Re: [RFC PATCH 10/10] gitweb: Show appropriate "Generating..." page when regenerating cache (WIP)

git.vger.kernel.org archive mirror
 help / color / mirror / Atom feed

From: Jakub Narebski <jnareb@gmail.com>
To: Petr Baudis <pasky@suse.cz>
Cc: git@vger.kernel.org,
	John 'Warthog9' Hawley <warthog9@eaglescrag.net>,
	John 'Warthog9' Hawley <warthog9@kernel.org>
Subject: Re: [RFC PATCH 10/10] gitweb: Show appropriate "Generating..." page when regenerating cache (WIP)
Date: Mon, 25 Jan 2010 21:58:28 +0100	[thread overview]
Message-ID: <201001252158.29516.jnareb@gmail.com> (raw)
In-Reply-To: <20100125135653.GN4159@machine.or.cz>

On Mon, Jan 25, 2010 at 14:56 +0100, Petr Baudis wrote:
> On Mon, Jan 25, 2010 at 02:48:26PM +0100, Jakub Narebski wrote:

> > Now those patches (mine and J.H. both) make gitweb use locking
> > (it is IIRC configurable in J.H. patch) to make only one process
> > generate the page if it is missing from cache, or is stale.  Now
> > if it is missing, we have to wait until it is generated in full
> > before being able to show it to client.  While it is possible to
> > "tee" output (using PerlIO::tee, or Capture::Tiny, or tie like
> > CGI::Cache) writing it simultaneously to browser and to cache for 
> > the process that is generating data, it is as far as I understand
> > it impossible for processes which are waiting for data.  Therefore
> > the need for "Generating..." page, so the user does not think that
> > web server hung or something, and is not generating output.
> 
> Ah, ok, so the message is there to cover up for a technical problem. ;-)
> I didn't quite realize. Then, it would be great to tweak the mechanisms
> so that the user does not really have to wait.

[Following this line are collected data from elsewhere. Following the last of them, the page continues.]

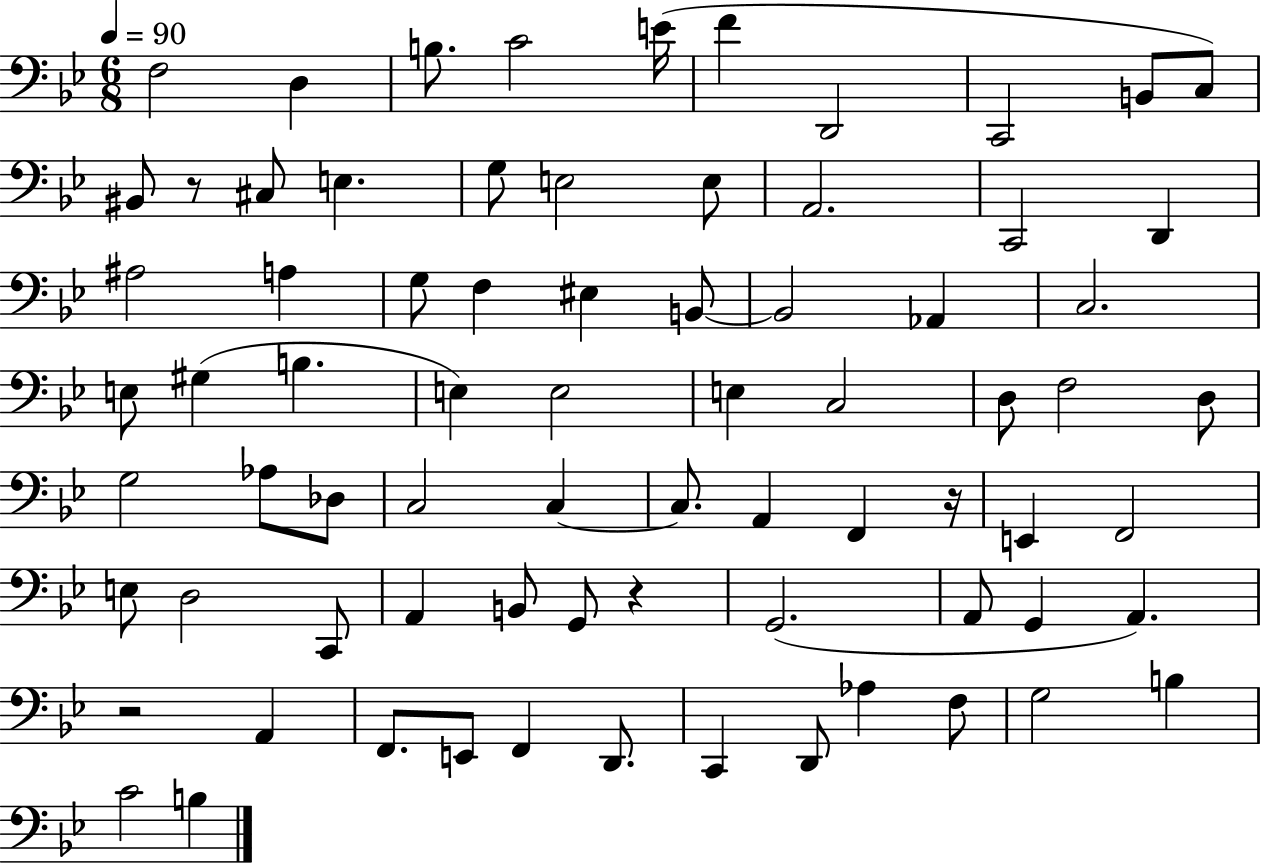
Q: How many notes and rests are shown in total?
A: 75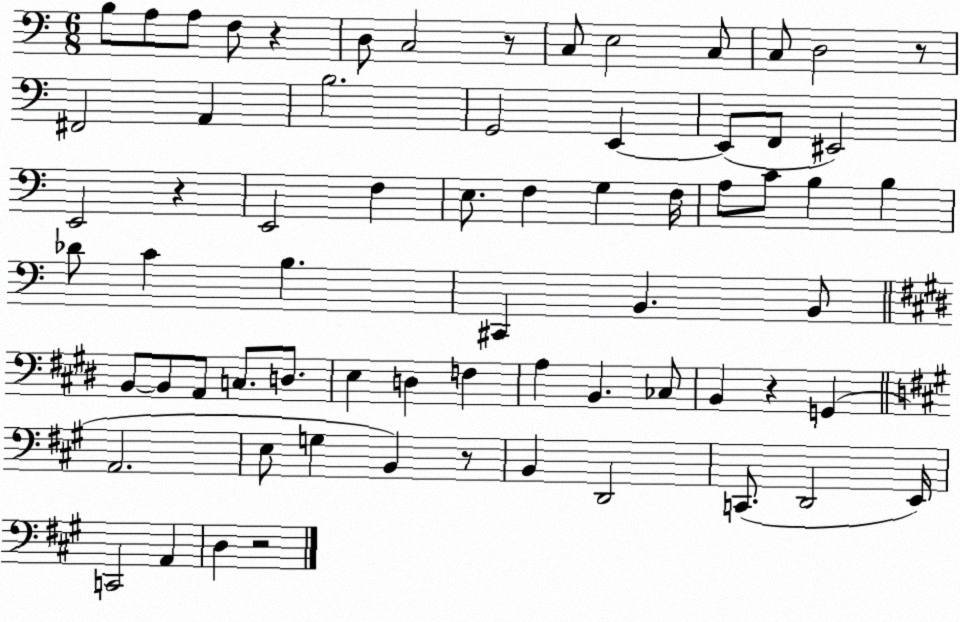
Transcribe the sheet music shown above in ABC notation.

X:1
T:Untitled
M:6/8
L:1/4
K:C
B,/2 A,/2 A,/2 F,/2 z D,/2 C,2 z/2 C,/2 E,2 C,/2 C,/2 D,2 z/2 ^F,,2 A,, B,2 G,,2 E,, E,,/2 F,,/2 ^E,,2 E,,2 z E,,2 F, E,/2 F, G, F,/4 A,/2 C/2 B, B, _D/2 C B, ^C,, B,, B,,/2 B,,/2 B,,/2 A,,/2 C,/2 D,/2 E, D, F, A, B,, _C,/2 B,, z G,, A,,2 E,/2 G, B,, z/2 B,, D,,2 C,,/2 D,,2 E,,/4 C,,2 A,, D, z2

Well, the mechanism would certainly be configurable in final version
(current split version is more of proof of concept of splitting).

> 
> So, I wonder about two things:
> 
> (i) How often does it happen that two requests for the same page are
> received? Has anyone measured it? Or is at least able to make
> a minimally educated guess? IOW, isn't this premature optimization?

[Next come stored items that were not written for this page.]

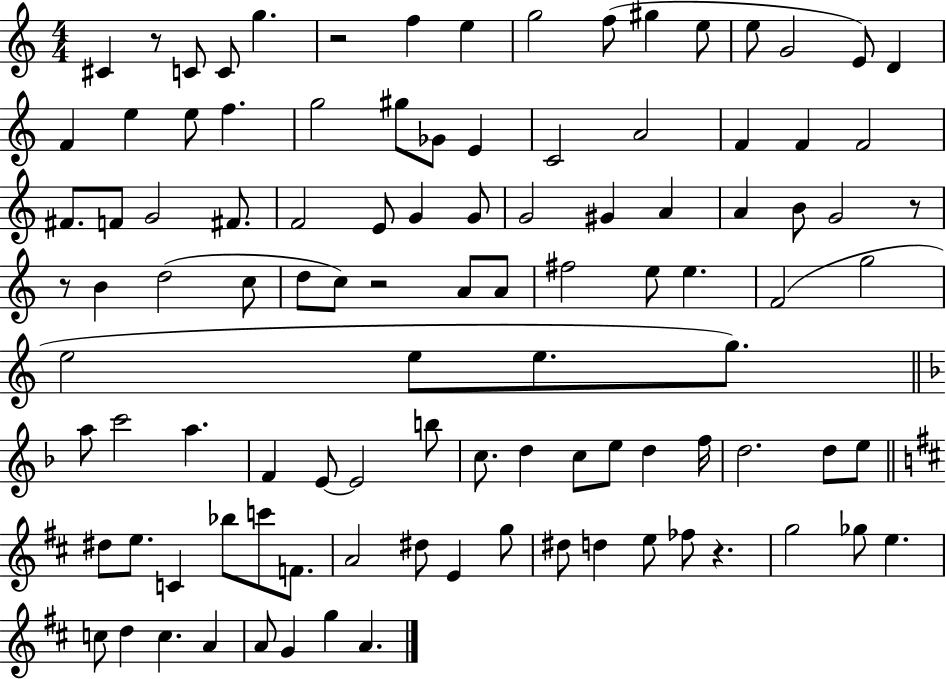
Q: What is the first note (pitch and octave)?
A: C#4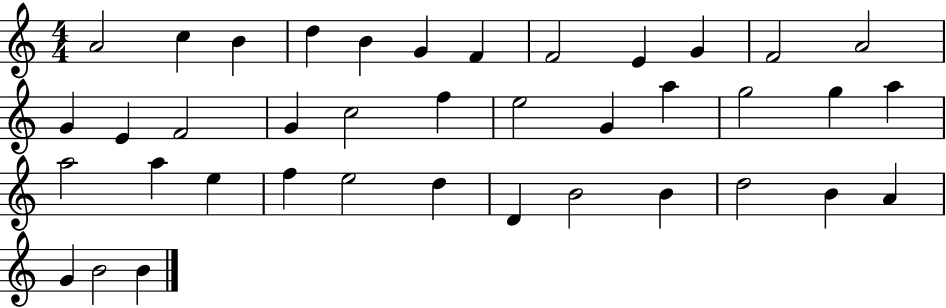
{
  \clef treble
  \numericTimeSignature
  \time 4/4
  \key c \major
  a'2 c''4 b'4 | d''4 b'4 g'4 f'4 | f'2 e'4 g'4 | f'2 a'2 | \break g'4 e'4 f'2 | g'4 c''2 f''4 | e''2 g'4 a''4 | g''2 g''4 a''4 | \break a''2 a''4 e''4 | f''4 e''2 d''4 | d'4 b'2 b'4 | d''2 b'4 a'4 | \break g'4 b'2 b'4 | \bar "|."
}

To be more exact the question is how often second request for the same
page appears when earlier request didn't finished processing.  It is
the matter of both frequency of given requests, and time it takes to
generate request (which grows with growing load on server).

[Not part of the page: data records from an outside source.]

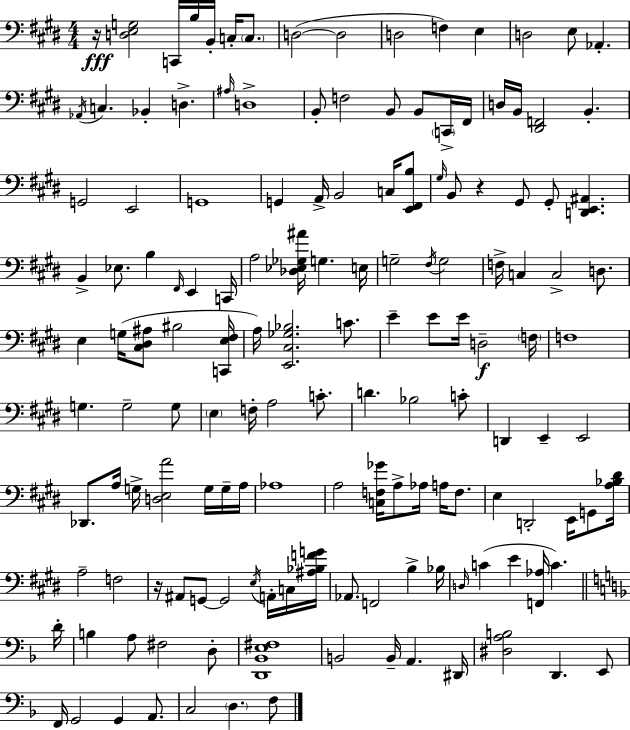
{
  \clef bass
  \numericTimeSignature
  \time 4/4
  \key e \major
  r16\fff <d e g>2 c,16 b16 b,16-. c16-. \parenthesize c8. | d2~(~ d2 | d2 f4) e4 | d2 e8 aes,4.-. | \break \acciaccatura { aes,16 } c4. bes,4-. d4.-> | \grace { ais16 } d1-> | b,8-. f2 b,8 b,8 | \parenthesize c,16-> fis,16 d16 b,16 <dis, f,>2 b,4.-. | \break g,2 e,2 | g,1 | g,4 a,16-> b,2 c16 | <e, fis, b>8 \grace { gis16 } b,8 r4 gis,8 gis,8-. <d, e, ais,>4. | \break b,4-> ees8. b4 \grace { fis,16 } e,4 | c,16 a2 <des ees ges ais'>16 g4. | e16 g2-- \acciaccatura { fis16 } g2 | f16-> c4 c2-> | \break d8. e4 g16( <cis dis ais>8 bis2 | <c, e fis>16 a16) <e, cis ges bes>2. | c'8. e'4-- e'8 e'16 d2--\f | \parenthesize f16 f1 | \break g4. g2-- | g8 \parenthesize e4 f16-. a2 | c'8.-. d'4. bes2 | c'8-. d,4 e,4-- e,2 | \break des,8. a16 g16-> <d e a'>2 | g16 g16-- a16 aes1 | a2 <c f ges'>16 a8-> | aes16 a16 f8. e4 d,2-. | \break e,16 g,8 <a bes dis'>16 a2-- f2 | r16 ais,8 g,8~~ g,2 | \acciaccatura { e16 } a,16-. c16 <ais bes f' g'>16 aes,8. f,2 | b4-> bes16 \grace { d16 } c'4( e'4 <f, aes>16 | \break c'4.) \bar "||" \break \key f \major d'16-. b4 a8 fis2 d8-. | <d, bes, e fis>1 | b,2 b,16-- a,4. | dis,16 <dis a b>2 d,4. e,8 | \break f,16 g,2 g,4 a,8. | c2 \parenthesize d4. f8 | \bar "|."
}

As to measurements: Pasky, do you have access logs, or their analysis
a la AWStats, Webalizer and the like, for repo.or.cz?  Warthog9, do
you have access logs or analysis for git.kernel.org?  Can you get similar
from fedorahosted?

> (ii) Can't the locked gitwebs do the equivalent of tail -f?

Well, it could, in principle, but it would need some changes.  

First, instead of using temporary file to create cache entry atomically
(write to temporary file, then rename) the process generating data would
have to write to file other processes can read from.  It could be e.g.
lockfile.

Second, there would be needed extended cache API so that generated data
is streamed to cache file, ->set($key, $data) ==> ->set($key, $fh) or
->set_io($key, $fh).  This would mean some complications, but what might
be more important is that this trick would not work as far as I can see
with other caching backends / caching engines that the one from 
gitweb/cache.pm (like memcached or mmap based ones).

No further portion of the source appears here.